Maj. Joseph McCloud
(reprinted from, December 16, 2006)

Mourners Honor Selfless Marine
By Leef Smith
Washington Post Staff Writer
Saturday, December 16, 2006; B03

In the photograph, Maj. Joseph T. McCloud is standing at the crest of a hydroelectric dam on the Euphrates River. The picture, e-mailed last month to family and friends, captured a brief moment during McCloud’s tour of duty in Iraq, where the Marine served as an operations officer.

While the snapshot revealed little about McCloud’s mission, his broad, picture-postcard smile telegraphed home a sense of calm.

A few weeks later, on Dec. 3, McCloud, 39, who considered Alexandria home, was killed when the CH-46 helicopter he was traveling in malfunctioned and was forced to make an emergency landing on Lake Qadisiyah — behind the dam where the photograph was taken, friends said.

Twelve service members survived the crash; McCloud and three other men, including Marine Cpl. Joshua C. Sticklen, 24, of Virginia Beach, were killed.

Yesterday, hundreds of mourners gathered at Arlington National Cemetery to honor the career Marine they hailed as a man proud to wear the uniform.

“He was fully committed and believed whole-heartedly in what he was doing,” said Wade Hutchens, who has been friends with McCloud, known by his middle name, “Trane,” since they both pledged a fraternity in 1985 at the University of Tennessee. “There was never a shred of doubt with anything he did, going all the way back to college.”

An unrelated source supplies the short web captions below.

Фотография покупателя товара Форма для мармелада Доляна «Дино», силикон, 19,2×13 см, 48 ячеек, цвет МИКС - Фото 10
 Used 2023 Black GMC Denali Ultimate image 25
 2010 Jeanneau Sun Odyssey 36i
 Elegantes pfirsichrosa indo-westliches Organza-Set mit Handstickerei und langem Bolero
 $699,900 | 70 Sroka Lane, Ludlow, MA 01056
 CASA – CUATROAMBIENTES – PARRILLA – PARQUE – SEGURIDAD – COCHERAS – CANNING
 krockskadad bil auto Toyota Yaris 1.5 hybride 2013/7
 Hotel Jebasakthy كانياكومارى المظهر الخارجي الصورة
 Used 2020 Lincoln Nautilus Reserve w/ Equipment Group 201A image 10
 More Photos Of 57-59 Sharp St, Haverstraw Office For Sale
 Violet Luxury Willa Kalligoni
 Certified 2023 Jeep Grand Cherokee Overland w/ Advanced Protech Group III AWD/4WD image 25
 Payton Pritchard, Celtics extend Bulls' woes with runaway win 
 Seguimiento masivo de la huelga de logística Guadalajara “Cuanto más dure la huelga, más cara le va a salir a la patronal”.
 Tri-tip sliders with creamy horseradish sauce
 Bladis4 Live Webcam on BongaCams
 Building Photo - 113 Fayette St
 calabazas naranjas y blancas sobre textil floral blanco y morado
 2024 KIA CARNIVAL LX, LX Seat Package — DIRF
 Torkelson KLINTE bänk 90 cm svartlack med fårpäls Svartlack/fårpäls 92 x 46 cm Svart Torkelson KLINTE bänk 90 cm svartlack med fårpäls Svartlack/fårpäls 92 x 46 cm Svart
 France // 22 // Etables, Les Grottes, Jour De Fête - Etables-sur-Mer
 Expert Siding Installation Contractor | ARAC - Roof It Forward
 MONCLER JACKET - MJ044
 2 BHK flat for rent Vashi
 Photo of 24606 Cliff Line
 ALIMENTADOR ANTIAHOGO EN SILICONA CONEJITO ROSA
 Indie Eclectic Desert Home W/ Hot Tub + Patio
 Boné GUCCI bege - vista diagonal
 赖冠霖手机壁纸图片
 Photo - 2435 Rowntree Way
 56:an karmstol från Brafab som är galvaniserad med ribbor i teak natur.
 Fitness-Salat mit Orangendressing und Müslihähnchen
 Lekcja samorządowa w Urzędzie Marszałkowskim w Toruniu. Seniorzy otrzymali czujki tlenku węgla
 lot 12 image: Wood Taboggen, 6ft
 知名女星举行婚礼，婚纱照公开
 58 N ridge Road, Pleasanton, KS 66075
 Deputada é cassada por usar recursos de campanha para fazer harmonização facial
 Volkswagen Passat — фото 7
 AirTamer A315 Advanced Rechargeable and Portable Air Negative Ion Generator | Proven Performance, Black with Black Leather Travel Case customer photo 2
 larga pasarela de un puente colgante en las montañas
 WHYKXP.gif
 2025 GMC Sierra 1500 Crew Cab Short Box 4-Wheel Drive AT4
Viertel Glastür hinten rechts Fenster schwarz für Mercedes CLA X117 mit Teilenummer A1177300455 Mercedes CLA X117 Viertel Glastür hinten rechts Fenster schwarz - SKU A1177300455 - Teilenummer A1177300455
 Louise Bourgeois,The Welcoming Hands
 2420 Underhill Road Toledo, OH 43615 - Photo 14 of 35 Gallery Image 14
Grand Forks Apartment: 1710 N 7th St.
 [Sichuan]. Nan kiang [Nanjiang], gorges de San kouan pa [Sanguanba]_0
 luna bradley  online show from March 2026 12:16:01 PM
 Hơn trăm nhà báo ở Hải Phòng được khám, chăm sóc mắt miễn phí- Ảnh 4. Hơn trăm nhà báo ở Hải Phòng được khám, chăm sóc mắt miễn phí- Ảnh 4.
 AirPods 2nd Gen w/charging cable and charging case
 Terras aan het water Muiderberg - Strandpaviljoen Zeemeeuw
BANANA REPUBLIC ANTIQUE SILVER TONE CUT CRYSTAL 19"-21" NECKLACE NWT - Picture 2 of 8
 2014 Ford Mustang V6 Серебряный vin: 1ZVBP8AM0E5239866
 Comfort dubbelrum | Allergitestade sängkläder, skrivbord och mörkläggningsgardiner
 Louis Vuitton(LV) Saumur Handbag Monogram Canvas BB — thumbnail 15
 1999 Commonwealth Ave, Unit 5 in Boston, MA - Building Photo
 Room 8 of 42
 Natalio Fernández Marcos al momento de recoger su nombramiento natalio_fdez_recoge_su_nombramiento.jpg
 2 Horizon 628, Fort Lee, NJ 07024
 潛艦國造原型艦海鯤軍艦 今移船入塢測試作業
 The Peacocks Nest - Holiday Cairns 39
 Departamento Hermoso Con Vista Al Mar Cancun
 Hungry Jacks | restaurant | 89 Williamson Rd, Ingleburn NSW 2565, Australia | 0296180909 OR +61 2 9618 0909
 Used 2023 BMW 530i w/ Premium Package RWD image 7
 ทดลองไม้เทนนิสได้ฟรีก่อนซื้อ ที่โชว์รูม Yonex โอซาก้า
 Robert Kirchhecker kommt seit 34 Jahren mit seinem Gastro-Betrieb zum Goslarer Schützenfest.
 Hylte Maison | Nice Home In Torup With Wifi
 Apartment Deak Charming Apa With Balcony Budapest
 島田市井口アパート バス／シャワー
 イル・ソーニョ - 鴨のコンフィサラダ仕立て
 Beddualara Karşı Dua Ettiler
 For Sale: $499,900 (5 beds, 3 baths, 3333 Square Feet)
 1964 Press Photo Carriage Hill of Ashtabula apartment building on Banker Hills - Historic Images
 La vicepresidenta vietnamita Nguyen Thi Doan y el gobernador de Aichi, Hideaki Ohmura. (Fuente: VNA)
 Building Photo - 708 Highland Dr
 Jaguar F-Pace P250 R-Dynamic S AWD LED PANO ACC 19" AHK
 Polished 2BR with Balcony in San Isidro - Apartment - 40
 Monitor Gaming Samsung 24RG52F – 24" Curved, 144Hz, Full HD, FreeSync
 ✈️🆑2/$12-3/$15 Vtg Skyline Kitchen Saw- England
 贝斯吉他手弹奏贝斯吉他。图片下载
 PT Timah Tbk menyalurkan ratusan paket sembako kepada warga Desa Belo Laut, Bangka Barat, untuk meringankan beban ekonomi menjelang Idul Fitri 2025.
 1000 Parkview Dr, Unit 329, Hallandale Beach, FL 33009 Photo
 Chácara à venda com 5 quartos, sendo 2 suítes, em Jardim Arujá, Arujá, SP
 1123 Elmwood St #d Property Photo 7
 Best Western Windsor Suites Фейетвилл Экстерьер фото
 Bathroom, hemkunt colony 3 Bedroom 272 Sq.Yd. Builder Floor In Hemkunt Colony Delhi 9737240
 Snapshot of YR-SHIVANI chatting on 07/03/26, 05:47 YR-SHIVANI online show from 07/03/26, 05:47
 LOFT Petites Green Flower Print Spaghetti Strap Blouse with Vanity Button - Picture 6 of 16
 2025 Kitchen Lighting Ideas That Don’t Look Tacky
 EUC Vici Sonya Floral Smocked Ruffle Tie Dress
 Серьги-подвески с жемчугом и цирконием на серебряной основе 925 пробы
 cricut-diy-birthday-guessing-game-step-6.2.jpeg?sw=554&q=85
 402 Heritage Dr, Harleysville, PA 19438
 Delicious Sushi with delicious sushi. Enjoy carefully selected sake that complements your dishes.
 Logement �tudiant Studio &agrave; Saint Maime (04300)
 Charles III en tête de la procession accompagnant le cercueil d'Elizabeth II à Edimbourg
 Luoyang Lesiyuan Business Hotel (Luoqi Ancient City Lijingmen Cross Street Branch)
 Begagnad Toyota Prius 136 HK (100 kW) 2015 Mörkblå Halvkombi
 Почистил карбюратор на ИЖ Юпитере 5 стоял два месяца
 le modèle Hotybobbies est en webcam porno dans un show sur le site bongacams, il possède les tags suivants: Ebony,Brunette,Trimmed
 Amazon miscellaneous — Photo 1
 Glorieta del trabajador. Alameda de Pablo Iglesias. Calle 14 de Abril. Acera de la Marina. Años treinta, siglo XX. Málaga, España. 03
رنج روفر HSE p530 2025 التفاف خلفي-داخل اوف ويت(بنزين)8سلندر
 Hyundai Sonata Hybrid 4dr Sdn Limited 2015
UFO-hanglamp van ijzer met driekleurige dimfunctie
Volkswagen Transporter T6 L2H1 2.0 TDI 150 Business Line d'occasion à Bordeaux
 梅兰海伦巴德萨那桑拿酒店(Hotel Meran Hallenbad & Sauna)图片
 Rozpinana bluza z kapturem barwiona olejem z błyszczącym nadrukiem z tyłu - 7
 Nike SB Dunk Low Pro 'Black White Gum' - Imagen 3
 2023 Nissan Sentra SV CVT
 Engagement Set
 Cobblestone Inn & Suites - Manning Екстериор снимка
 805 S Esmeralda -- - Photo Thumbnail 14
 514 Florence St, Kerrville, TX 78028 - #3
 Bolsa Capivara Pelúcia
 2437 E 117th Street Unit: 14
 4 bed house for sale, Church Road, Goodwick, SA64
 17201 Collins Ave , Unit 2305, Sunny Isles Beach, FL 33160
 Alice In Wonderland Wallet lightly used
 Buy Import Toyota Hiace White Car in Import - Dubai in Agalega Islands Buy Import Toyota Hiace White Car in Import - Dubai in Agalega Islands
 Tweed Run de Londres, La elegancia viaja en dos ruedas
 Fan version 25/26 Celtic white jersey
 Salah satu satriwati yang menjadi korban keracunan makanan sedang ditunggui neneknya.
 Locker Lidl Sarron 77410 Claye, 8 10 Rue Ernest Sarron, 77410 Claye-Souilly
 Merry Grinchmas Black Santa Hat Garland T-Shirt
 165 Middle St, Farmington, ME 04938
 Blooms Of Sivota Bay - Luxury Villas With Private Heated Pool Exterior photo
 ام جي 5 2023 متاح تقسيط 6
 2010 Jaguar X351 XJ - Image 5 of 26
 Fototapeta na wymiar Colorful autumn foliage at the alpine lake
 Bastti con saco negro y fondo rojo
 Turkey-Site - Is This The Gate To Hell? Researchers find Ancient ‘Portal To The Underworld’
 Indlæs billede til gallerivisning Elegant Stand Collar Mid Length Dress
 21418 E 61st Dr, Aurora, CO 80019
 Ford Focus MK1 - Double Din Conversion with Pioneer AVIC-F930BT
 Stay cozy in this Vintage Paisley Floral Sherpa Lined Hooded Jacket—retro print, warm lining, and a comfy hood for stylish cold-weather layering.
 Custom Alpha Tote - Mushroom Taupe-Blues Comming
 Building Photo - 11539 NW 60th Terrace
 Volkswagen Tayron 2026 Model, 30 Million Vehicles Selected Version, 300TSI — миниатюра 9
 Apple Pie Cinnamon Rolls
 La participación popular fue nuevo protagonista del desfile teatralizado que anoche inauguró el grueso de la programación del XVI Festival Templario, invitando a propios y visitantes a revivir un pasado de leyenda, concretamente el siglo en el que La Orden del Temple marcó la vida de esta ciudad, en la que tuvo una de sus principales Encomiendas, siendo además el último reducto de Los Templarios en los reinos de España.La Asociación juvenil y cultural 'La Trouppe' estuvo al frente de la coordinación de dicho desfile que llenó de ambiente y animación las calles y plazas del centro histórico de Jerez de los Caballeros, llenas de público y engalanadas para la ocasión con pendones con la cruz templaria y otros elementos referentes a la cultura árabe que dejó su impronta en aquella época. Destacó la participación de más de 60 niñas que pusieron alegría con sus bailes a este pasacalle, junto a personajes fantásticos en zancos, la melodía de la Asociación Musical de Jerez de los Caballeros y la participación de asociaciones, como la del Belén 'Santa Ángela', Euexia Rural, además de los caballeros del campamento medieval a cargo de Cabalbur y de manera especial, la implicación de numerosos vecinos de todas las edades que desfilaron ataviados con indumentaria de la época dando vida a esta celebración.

During yesterday’s full-honors service, McCloud’s flag-draped coffin was delivered to the grave site by a horse-drawn caisson, and the Marine Corps Band played a slow, mournful version of the Marine Corps Hymn.

McCloud was assigned to the 2nd Battalion, 3rd Marine Regiment, 3rd Marine Division, 3rd Marine Expeditionary Force in Kaneohe Bay, Hawaii, where he reported in April. He enlisted in the Marine Corps in 1990 and was commissioned in April 1992. He was promoted posthumously to lieutenant colonel.

Thursday would have been McCloud’s 40th birthday. He leaves behind his wife, Maggie McCloud, and three young children.

“He was the love of my life,” Maggie McCloud told The Washington Post shortly after her husband’s death. “I’m so devastated that my children are not going to grow up with him, because he was a man of character and honor.”

McCloud attended high school in Grosse Pointe, Mich., outside Detroit, and later graduated from the University of Tennessee, where he studied liberal arts and history. According to news reports, he enlisted in the Marine Corps just in time for Desert Storm and served on the USS Missouri. It was the ship’s captain who encouraged him to attend Officer Candidate School.

During his career, McCloud worked at the Pentagon, did a fellowship on Capitol Hill and served as an instructor at the Marine Corps Officer Candidate School in Quantico. He and his wife moved from Alexandria to Hawaii this year.

Marine Maj. Pat Zaleski first met McCloud 13 years ago when they served together at Camp Lejeune. They later served together on the staff at Officer Candidate School and remained close friends. Yesterday, he escorted McCloud’s remains to Arlington National Cemetery.

“There were very few things he loved more than the Marines, but things he did love more were his wife and children,” Zaleski said. “As good a Marine as he was, he was a much better husband and father. . . . He was an absolutely selfless and humble man. Those are the best kind.”